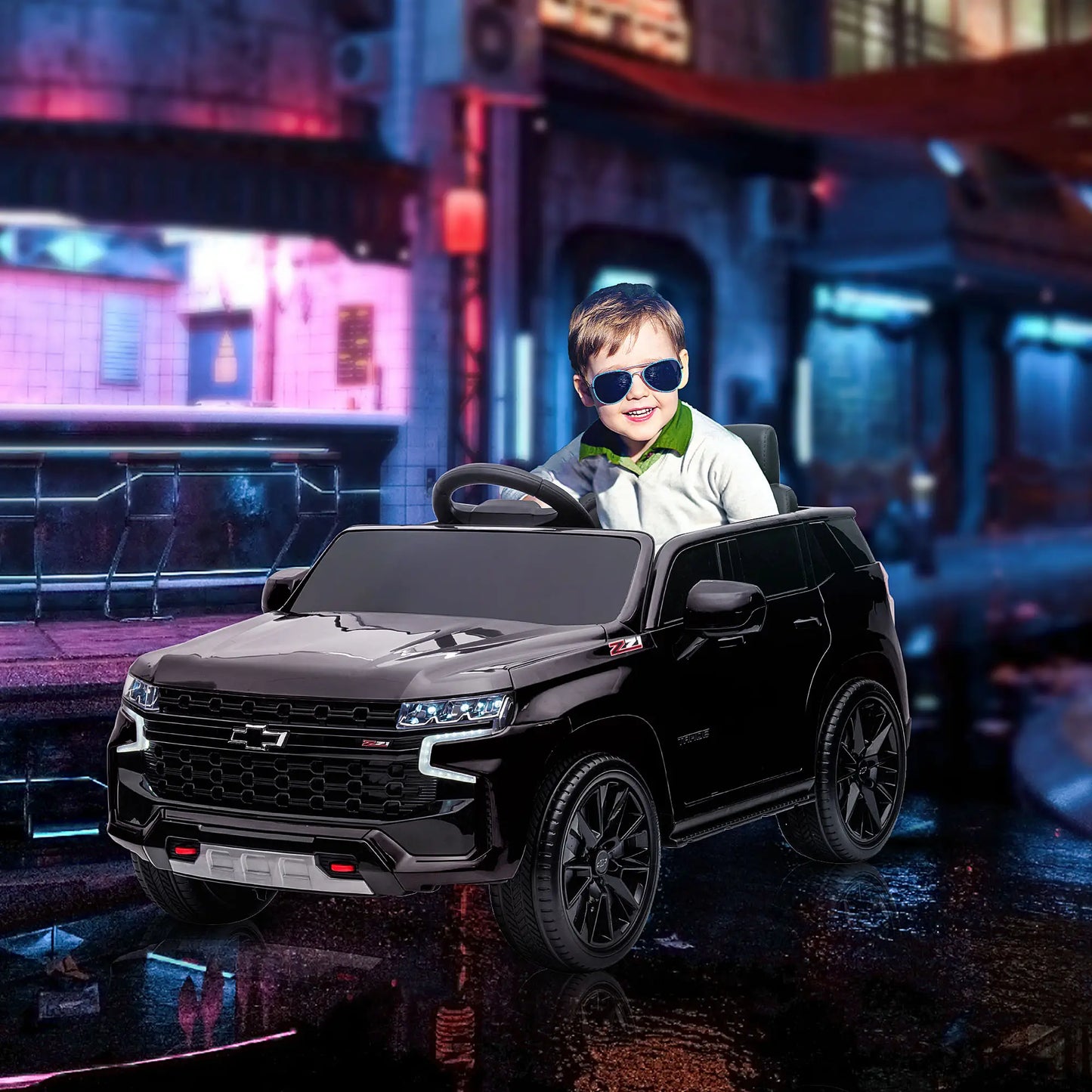 Chevrolet Tahoe Kids Ride on Car, 12V 7AH, Remote Control, 3 Speeds, Black Electric Toy Cars at Gallery Canada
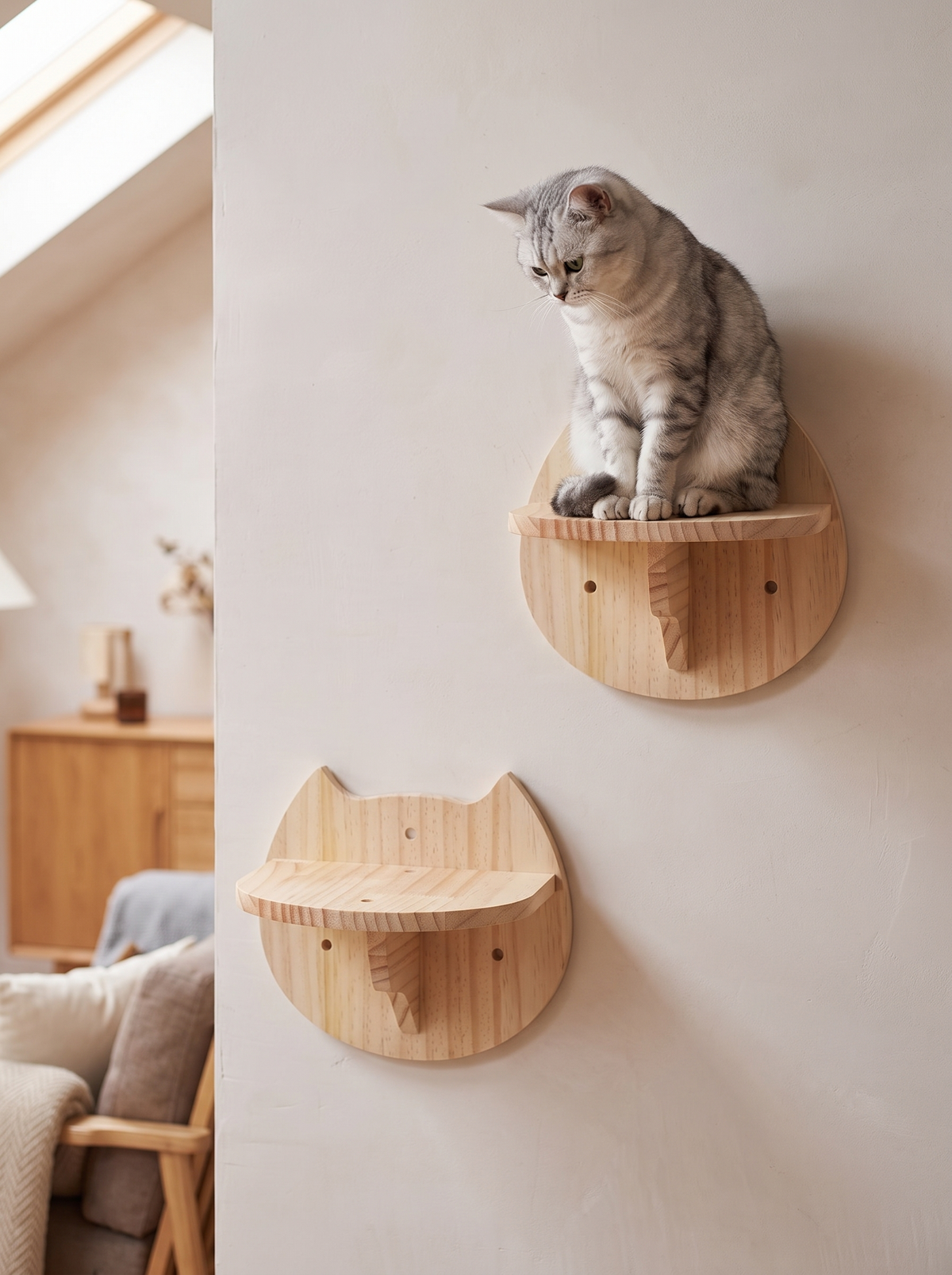 Cat Face Wall Steps, Set of 2 - in use
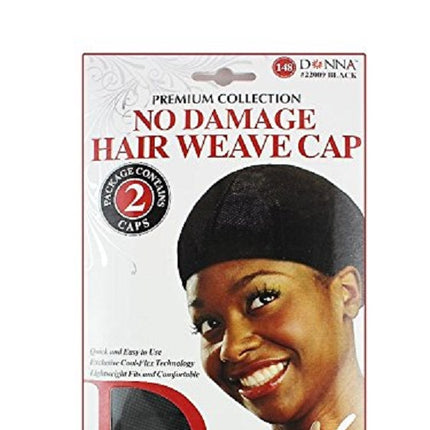 Premium Collection No Damage Hair Weave Cap #22009 Black 2 Caps (1Pack)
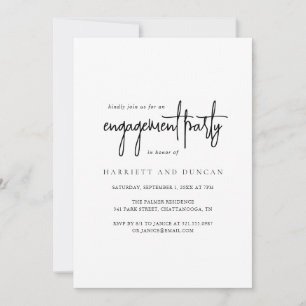 Invitación Partido de compromiso elegante blanco y negro eter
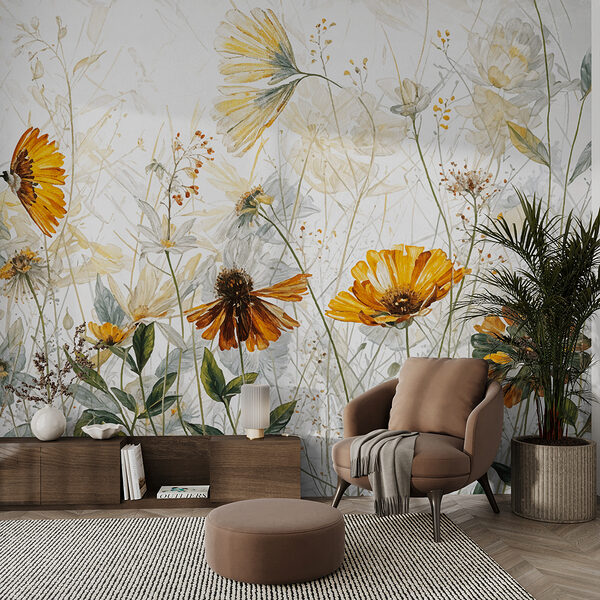 Un dipinto di fiori e foglie Un dipinto di fiori e foglie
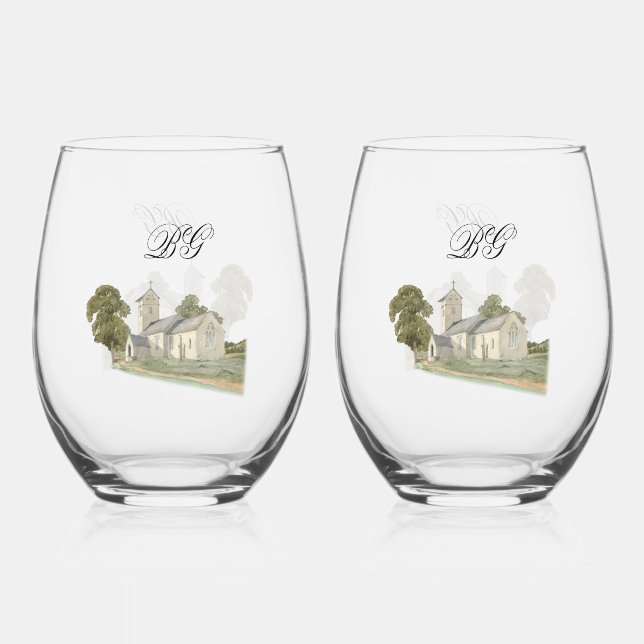 Watercolor Church Traditional Monogram Wedding Stemless Wine Glass (Front)
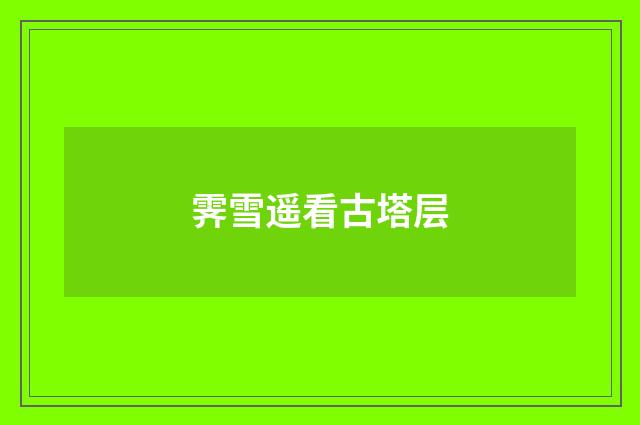 霁雪遥看古塔层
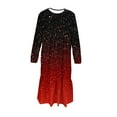 thumbnail image 5 of CYRBOKO Girls Long Sleeve Dresses, Casual A-line Gift Gradient Dresses for Girls Red Size 10-11T, 5 of 6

What this task involves
Retype the line containing "Cat Face Wall Steps, Set of 2 - in use" and all lines after it through the end of the material, exactly and only those, leaving out pictures.

Task response
 Cat Face Wall Steps, Set of 2 - in use
 Premium Collection No Damage Hair Weave Cap #22009 Black 2 Caps (1Pack)
 Invitación Partido de compromiso elegante blanco y negro eter
 Un dipinto di fiori e foglie Un dipinto di fiori e foglie
 Watercolor Church Traditional Monogram Wedding Stemless Wine Glass (Front)
 霁雪遥看古塔层
 thumbnail image 5 of CYRBOKO Girls Long Sleeve Dresses, Casual A-line Gift Gradient Dresses for Girls Red Size 10-11T, 5 of 6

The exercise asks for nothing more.